Could you copy each line of the listing below that has the word "from"?

==== Records for this exercise ====

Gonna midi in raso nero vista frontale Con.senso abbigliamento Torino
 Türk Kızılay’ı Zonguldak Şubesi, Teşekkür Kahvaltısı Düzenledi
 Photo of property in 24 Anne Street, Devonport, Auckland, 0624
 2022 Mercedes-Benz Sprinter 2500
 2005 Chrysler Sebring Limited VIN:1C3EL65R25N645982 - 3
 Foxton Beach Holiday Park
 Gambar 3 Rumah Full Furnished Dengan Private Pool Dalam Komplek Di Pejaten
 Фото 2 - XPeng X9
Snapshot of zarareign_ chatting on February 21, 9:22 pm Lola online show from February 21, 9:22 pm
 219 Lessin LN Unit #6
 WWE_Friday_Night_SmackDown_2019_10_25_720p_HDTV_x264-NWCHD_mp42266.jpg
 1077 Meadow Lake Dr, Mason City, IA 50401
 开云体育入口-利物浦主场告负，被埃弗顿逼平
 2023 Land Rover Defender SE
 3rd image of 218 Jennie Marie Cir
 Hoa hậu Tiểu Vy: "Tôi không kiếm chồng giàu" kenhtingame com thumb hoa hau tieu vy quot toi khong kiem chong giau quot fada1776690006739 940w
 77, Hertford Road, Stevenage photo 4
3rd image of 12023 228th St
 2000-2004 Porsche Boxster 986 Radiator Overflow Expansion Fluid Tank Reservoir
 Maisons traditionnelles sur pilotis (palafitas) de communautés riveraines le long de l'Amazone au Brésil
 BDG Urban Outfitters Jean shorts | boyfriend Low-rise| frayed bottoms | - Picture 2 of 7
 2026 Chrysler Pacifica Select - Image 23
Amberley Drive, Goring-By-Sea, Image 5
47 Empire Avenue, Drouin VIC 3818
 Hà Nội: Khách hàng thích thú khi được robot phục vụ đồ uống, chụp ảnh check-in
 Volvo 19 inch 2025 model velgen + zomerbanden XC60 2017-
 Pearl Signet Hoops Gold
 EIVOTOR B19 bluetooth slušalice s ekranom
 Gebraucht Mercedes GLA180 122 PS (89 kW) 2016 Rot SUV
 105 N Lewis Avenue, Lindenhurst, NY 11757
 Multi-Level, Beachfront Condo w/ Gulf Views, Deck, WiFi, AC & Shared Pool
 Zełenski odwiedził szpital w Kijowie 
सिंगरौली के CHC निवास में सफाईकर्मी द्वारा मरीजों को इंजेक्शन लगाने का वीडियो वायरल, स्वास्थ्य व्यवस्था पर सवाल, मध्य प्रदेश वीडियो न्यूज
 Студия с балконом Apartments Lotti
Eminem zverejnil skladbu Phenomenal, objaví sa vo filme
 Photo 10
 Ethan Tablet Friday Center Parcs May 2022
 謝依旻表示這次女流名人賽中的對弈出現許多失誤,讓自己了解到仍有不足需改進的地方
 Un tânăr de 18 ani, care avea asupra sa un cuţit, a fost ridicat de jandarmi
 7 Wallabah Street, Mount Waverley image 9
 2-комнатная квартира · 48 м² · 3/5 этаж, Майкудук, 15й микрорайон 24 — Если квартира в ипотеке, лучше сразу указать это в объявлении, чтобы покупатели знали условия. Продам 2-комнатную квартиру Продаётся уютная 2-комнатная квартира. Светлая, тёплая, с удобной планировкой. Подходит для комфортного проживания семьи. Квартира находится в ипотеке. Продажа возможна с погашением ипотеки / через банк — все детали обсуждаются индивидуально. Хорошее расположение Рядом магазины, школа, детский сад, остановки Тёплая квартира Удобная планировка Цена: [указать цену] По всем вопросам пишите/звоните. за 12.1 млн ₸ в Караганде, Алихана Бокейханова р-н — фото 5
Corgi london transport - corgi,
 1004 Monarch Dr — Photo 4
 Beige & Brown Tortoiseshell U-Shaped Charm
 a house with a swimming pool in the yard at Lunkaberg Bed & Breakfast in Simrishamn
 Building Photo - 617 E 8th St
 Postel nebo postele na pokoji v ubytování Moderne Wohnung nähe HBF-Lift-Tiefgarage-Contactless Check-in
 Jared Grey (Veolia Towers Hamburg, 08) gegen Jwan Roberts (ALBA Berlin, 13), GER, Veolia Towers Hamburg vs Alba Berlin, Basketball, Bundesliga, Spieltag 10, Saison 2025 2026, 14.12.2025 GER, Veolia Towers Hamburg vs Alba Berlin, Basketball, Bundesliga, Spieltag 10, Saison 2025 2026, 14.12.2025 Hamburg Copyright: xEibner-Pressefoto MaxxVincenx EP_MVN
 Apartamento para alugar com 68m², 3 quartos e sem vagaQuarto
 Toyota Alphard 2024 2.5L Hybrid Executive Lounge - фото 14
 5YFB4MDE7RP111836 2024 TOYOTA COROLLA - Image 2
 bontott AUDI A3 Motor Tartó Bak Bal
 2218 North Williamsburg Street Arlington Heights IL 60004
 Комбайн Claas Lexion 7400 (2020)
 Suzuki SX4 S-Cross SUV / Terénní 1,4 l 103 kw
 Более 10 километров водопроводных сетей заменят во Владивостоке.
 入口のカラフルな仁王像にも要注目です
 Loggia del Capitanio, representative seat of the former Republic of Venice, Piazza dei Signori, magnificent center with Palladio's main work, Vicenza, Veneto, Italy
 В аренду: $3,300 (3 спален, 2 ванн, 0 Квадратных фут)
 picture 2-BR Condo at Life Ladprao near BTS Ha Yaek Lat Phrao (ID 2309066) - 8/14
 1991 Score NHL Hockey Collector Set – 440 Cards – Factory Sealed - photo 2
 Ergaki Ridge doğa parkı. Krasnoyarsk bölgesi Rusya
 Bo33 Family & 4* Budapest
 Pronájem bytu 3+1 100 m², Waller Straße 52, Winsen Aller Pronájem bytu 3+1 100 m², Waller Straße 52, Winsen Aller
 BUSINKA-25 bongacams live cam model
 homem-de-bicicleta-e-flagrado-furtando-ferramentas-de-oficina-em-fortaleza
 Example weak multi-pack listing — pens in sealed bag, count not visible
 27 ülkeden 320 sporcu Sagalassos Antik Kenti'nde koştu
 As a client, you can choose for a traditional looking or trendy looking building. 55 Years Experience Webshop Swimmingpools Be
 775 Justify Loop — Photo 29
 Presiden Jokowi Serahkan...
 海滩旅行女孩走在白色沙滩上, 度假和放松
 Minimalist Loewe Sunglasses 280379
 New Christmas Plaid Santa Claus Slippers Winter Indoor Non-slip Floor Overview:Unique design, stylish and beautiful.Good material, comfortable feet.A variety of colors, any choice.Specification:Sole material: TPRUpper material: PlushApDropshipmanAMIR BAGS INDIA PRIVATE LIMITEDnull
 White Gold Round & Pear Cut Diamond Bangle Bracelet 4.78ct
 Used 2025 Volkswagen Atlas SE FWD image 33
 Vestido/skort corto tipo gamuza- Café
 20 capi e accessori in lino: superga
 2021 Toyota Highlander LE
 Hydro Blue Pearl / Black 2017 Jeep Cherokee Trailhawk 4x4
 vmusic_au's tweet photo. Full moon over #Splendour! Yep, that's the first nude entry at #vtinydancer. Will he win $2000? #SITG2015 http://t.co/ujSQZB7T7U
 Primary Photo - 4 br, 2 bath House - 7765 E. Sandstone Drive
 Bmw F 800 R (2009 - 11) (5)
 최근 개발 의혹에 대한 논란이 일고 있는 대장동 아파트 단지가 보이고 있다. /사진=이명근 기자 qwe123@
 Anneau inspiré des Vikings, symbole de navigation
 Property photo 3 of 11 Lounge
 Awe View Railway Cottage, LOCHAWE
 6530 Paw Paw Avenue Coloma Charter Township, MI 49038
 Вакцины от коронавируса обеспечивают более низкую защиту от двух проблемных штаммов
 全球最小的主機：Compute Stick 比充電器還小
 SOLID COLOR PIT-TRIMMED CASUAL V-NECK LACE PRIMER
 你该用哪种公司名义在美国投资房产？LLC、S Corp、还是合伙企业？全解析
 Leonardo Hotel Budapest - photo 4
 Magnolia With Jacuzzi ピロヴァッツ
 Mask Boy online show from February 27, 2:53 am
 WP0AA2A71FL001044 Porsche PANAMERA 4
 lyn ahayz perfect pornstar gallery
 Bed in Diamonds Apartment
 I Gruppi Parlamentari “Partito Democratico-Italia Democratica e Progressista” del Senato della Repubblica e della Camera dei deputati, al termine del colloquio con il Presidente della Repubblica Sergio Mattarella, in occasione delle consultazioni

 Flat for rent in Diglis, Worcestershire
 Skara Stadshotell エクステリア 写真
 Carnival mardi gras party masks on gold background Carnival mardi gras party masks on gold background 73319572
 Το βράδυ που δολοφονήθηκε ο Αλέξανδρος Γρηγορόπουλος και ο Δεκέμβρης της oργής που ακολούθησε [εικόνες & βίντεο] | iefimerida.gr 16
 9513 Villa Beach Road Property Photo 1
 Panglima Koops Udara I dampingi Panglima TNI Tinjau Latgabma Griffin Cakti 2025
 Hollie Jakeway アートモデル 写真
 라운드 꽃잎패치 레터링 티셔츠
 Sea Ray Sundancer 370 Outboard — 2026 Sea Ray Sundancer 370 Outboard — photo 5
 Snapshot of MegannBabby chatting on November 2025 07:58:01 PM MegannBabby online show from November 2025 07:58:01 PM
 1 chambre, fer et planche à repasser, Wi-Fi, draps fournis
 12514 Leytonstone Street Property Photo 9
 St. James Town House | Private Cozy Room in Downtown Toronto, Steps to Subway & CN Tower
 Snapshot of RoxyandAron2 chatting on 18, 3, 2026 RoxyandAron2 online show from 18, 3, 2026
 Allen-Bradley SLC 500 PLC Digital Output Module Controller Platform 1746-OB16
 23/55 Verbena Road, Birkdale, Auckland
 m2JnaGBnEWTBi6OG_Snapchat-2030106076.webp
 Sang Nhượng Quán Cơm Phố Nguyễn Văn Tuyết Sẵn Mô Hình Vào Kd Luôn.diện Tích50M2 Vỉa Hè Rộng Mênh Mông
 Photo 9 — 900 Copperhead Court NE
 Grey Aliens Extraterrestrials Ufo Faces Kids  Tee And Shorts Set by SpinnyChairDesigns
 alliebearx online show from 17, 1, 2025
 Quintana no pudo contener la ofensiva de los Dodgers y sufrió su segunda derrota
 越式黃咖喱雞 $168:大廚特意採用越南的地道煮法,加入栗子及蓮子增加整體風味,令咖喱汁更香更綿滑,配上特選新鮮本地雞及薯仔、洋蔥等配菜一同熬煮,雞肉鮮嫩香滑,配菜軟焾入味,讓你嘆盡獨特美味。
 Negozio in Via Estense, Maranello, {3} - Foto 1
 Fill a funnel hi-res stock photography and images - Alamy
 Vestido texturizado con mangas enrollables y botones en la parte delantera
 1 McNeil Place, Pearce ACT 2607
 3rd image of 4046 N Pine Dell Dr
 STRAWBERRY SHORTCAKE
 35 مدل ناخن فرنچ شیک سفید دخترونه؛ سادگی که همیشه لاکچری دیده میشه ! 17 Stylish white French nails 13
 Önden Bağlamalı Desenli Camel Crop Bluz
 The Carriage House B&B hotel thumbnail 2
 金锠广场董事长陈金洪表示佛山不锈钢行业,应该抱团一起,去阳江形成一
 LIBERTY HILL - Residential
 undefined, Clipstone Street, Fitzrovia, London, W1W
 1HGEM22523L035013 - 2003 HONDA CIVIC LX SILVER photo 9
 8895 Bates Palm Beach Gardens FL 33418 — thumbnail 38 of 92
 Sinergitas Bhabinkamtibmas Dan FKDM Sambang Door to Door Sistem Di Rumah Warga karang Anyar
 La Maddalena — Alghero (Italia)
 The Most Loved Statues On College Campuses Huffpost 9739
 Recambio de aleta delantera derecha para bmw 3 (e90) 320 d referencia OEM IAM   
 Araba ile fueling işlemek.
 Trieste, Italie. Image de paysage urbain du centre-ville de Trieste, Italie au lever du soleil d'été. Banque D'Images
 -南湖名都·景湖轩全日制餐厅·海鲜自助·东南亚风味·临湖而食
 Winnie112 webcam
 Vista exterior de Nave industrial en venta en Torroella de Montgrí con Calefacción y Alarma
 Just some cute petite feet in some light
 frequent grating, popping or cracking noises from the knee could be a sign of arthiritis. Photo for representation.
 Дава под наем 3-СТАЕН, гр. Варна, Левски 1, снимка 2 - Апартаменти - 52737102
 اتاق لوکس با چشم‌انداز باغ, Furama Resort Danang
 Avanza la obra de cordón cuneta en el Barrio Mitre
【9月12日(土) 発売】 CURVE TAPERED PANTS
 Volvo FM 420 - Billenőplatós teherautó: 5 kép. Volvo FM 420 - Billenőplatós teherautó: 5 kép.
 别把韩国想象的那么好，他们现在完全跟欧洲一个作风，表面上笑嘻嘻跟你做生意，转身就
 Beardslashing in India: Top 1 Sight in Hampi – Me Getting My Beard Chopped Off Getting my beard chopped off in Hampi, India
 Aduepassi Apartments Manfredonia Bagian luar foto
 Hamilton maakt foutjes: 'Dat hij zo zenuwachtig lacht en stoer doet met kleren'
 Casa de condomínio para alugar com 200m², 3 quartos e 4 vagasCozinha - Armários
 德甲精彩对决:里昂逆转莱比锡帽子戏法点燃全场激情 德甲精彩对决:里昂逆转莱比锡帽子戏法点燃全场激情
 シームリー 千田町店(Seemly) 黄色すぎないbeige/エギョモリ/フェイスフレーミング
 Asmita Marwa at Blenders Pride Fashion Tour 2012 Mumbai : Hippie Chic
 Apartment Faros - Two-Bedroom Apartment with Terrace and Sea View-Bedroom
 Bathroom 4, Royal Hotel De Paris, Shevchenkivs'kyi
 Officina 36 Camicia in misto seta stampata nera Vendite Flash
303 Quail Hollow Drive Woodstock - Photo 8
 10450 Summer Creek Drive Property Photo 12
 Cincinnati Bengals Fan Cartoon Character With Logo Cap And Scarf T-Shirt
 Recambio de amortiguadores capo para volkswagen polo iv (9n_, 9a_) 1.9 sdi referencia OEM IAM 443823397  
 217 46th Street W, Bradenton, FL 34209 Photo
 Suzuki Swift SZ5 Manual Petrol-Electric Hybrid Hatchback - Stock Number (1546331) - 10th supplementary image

====

## Response to this task
Snapshot of zarareign_ chatting on February 21, 9:22 pm Lola online show from February 21, 9:22 pm
 Mask Boy online show from February 27, 2:53 am
 Snapshot of MegannBabby chatting on November 2025 07:58:01 PM MegannBabby online show from November 2025 07:58:01 PM
 Snapshot of RoxyandAron2 chatting on 18, 3, 2026 RoxyandAron2 online show from 18, 3, 2026
 alliebearx online show from 17, 1, 2025
 frequent grating, popping or cracking noises from the knee could be a sign of arthiritis. Photo for representation.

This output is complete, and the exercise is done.